EXERCISE PROMPT: Look through the data below. Show each line where the string "Blue" occurs.

DATA RECORDS:

|---|

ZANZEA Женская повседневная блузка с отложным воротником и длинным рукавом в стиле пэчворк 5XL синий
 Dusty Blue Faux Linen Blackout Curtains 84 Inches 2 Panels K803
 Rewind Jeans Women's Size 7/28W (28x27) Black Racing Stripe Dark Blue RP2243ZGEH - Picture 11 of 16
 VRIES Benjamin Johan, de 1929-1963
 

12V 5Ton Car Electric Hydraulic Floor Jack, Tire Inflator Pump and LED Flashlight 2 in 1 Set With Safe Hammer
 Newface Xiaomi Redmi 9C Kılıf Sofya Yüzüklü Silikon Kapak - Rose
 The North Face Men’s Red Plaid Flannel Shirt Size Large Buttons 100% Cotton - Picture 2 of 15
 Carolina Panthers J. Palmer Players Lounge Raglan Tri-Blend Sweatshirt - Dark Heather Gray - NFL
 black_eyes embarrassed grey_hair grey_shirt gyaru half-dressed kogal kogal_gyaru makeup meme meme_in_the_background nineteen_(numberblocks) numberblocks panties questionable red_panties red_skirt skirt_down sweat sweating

|---|

SOLUTION BELOW:
 Dusty Blue Faux Linen Blackout Curtains 84 Inches 2 Panels K803
 Rewind Jeans Women's Size 7/28W (28x27) Black Racing Stripe Dark Blue RP2243ZGEH - Picture 11 of 16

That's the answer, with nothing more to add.